Qualia dispositi steterunt ab origine mundi. AusON. Eidyl. 18.

When round the great Platonic year has turn'd,
In their old ranks the wand'ring stars shall stand
As when first marshal'd by th'Almighty's hand.

To sum up, therefore, the thoughts of this medal. The inscription teaches us that the whole design must refer to the golden age, which it lively represents, if we suppose the circle that encompasses Time, or if you please Jupiter, signifies the finishing of the great year; and that the Phenix figures out the beginning of a new series of time. So that the compliment on this medal to the Emperor Adrian, is in all respects the same that Virgil makes to Pollio's son, at whose birth he supposes the annus magnus or Platonical year run out, and renewed again with the opening of the golden

age.

Magnus ab integro saclorum nascitur ordo;
Jam redit et Virgo, redeunt Saturnia regna:
Et nova progenies cælo demittitur alto.

The time is come the Sibyls long foretold,
And the blest maid restores the age of gold,
In the great wheel of Time before enroll'd.

VIRG. Ed. 4.

Now a great progeny from heav'n descends. Ld. Lauderdale.

nunc adest mundo dies

Supremus ille, qui premat genus impium
Cali ruina; rursus ut stirpem novam
Generet renascens melior: ut quondam tulit
Juvenis tenente regna Saturno poli.

SEN. Oet. act 2.

The last great day is come,

When earth and all her impious sons shall lie
Crush'd in the ruins of the falling sky,

Whence fresh shall rise, her new-born realms to grace,

A pious offspring and a purer race,

Such as ere-while in golden ages sprung,

When Saturn govern'd, and the world was young.

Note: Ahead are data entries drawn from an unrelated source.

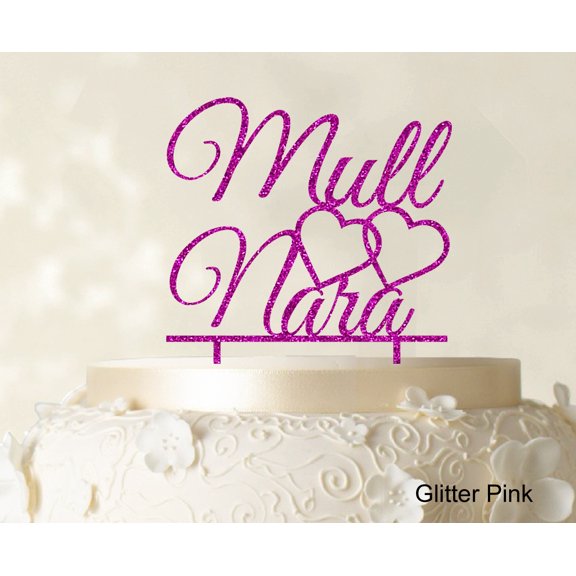 "Custom Cake Topper With Heart Personalized Wedding Cake Topper Cake Decorations Color Option Available 5""-7"" Inches Wide"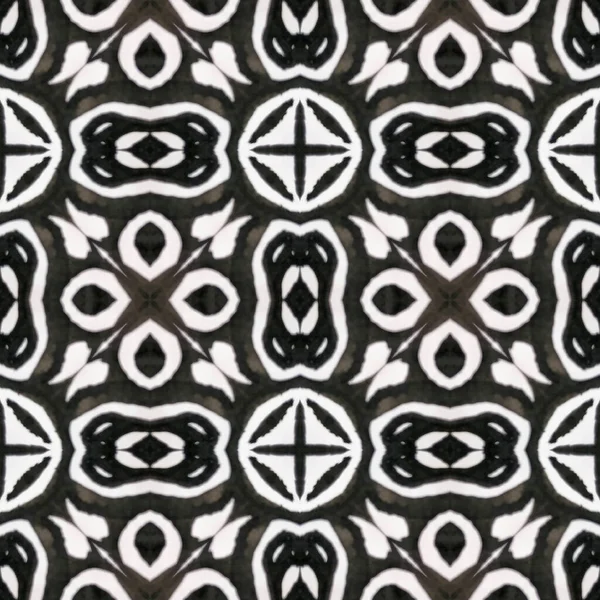Lombok Textile. Black and White  Monochrome Seamless Texture. Abstract Shibori Print. Repeat Tie Dye Illustration. Ikat Asian Print. Ethnic Lombok Textile Pattern. — Stock Photo, Image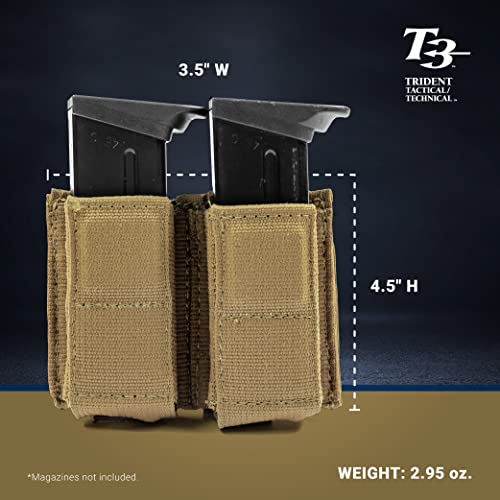 T3 Magnet Double Pistol Mag Pouch (2), Coyote Tan #TOP2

You may compare the design of this reverse, if you please, with one of Constantine, so far as the Phenix is concerned in both. As for the other figure, we may have occasion to speak of it in another place. Vid. 15 figure. King of France's medalions.

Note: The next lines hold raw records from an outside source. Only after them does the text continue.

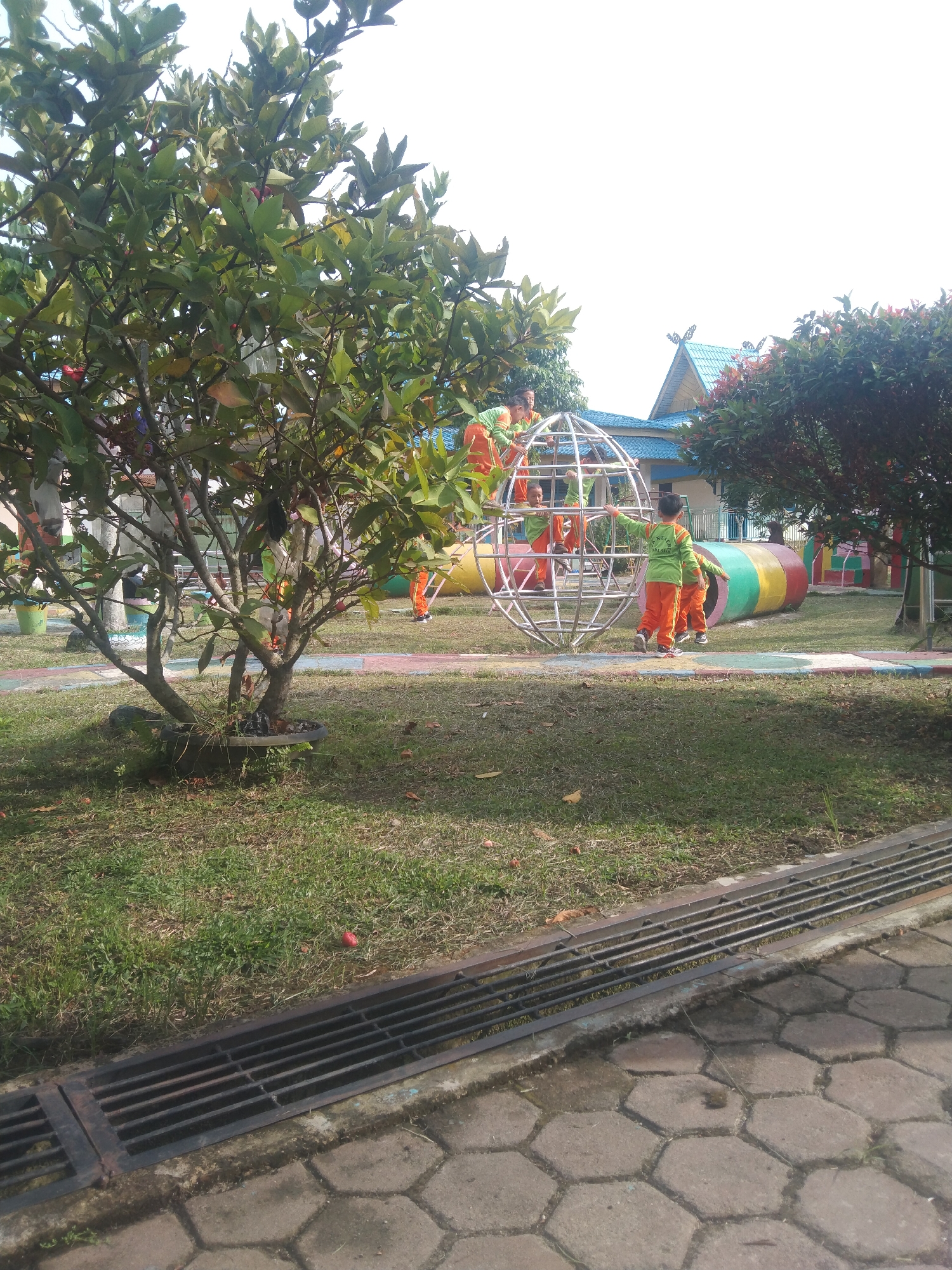In an outdoor recreational area, likely a playground or schoolyard, several children in orange and green uniforms are interacting with playground equipment. A metallic spherical jungle gym is central to the scene, with at least three children engaged with it. To the right of the jungle gym, a large, colorful, cylindrical tunnel, segmented with yellow, green, and red, lies on the ground. In the background, a building with a distinctive blue roof and pointed architectural features is visible, suggesting a formal establishment. Lush green trees, including one with red fruits in the foreground, and a well-maintained lawn contribute to the outdoor setting. A metal grate drain and hexagonal paving stones are present in the lower portion of the frame, indicating a pathway or edge of the recreational space. The sky is bright and overcast. The presence of the building with unique architecture suggests this location might be within the city of Siak Sri Indrapura, Indonesia.
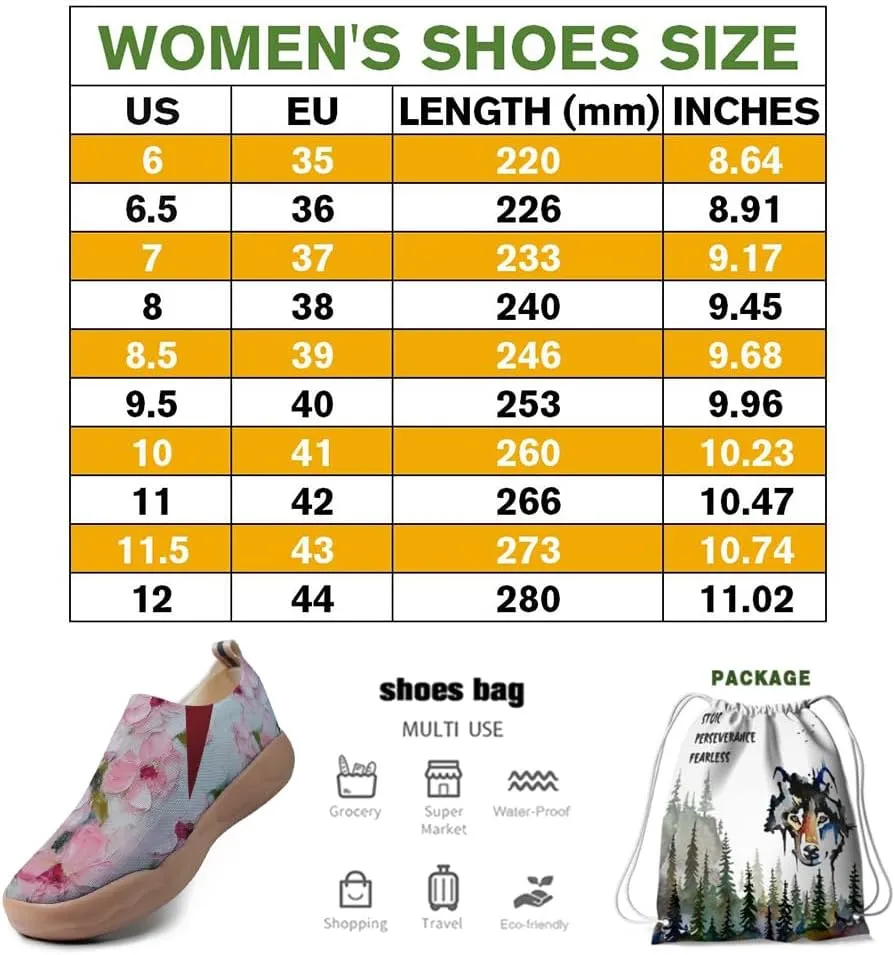 Women's Fashion Floral Breathable Painted Knitted Slip-On Casual Travel Shoes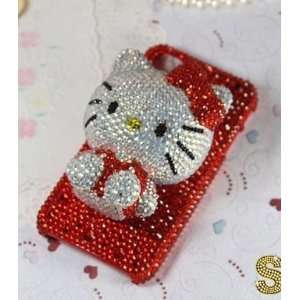  Handcrafted 3D Red & Silver Hello Kitty Crystals iPhone 4 
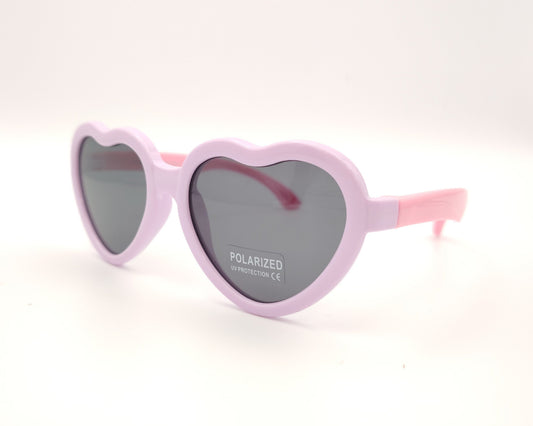 gafas de sol infantiles polarizadas con montura lila en forma de corazón, varillas rosas y lentes grises con protección uv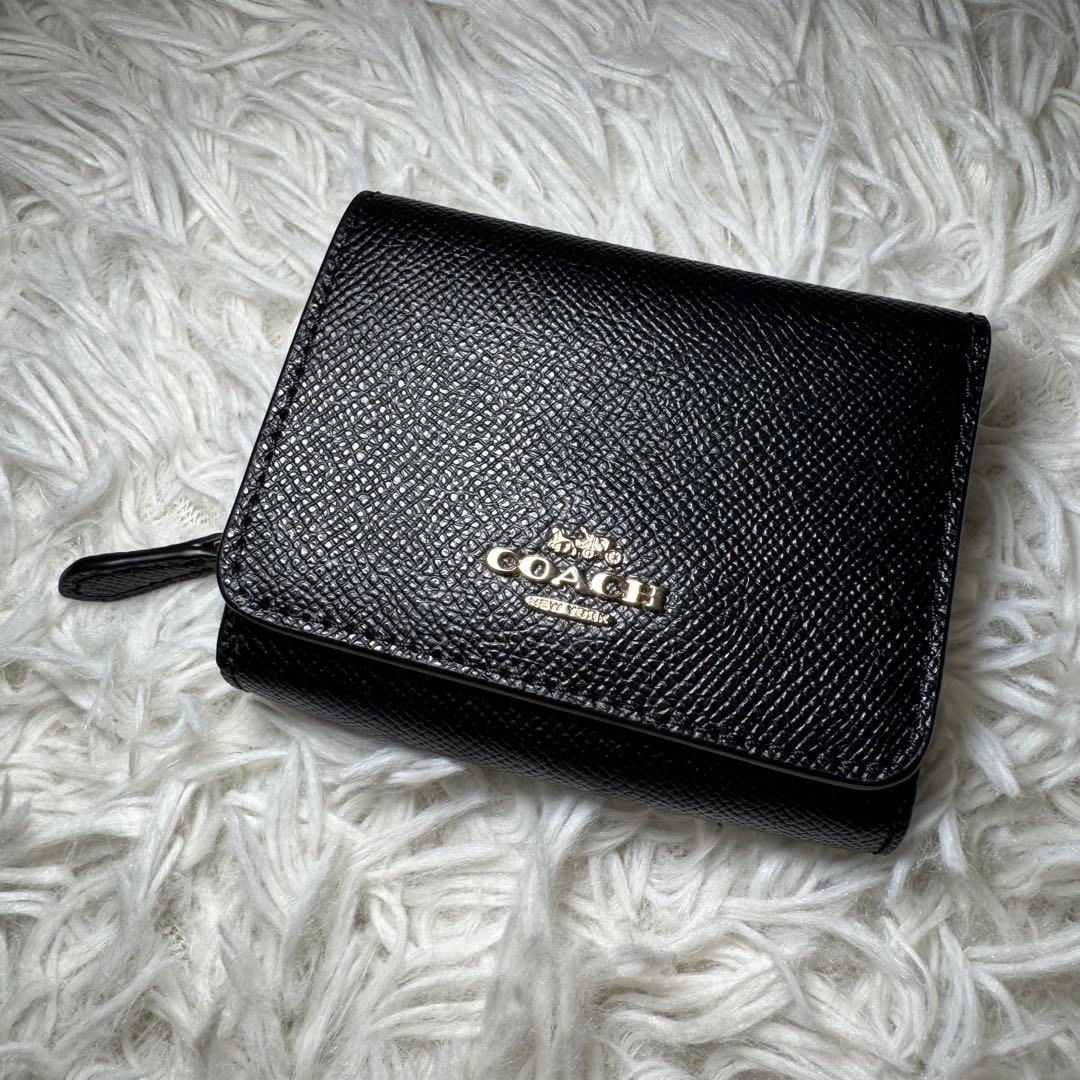 ☆【新品・未使用】COACH 三つ折り財布 ブラック クロスグレイン レザー☆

The next figure shadows out Eternity* to us, by the sun in one hand and the moon in the other, which in the language of sacred poetry is "as long as the sun and moon endureth." The heathens made choice of these lights as apt symbols of Eternity, because, contrary to all sublunary Beings, though they seem to perish every night, they renew themselves every morning.

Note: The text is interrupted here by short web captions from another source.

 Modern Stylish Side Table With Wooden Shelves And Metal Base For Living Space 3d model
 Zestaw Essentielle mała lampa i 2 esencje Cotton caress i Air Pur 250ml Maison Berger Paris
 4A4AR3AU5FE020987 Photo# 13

Soles occidere et ridere possunt;
Nobis cum semel occidit brevis lux,
Nox est perpetua una dormienda.

The suns shall often fall and rise:

But when the short-liv'd mortal dies
A night eternal seals his eyes.

CATUL.

HORACE.

Horace, whether in imitation of Catullus or not, has applied the same thought to the moon; and that too. in the plural number.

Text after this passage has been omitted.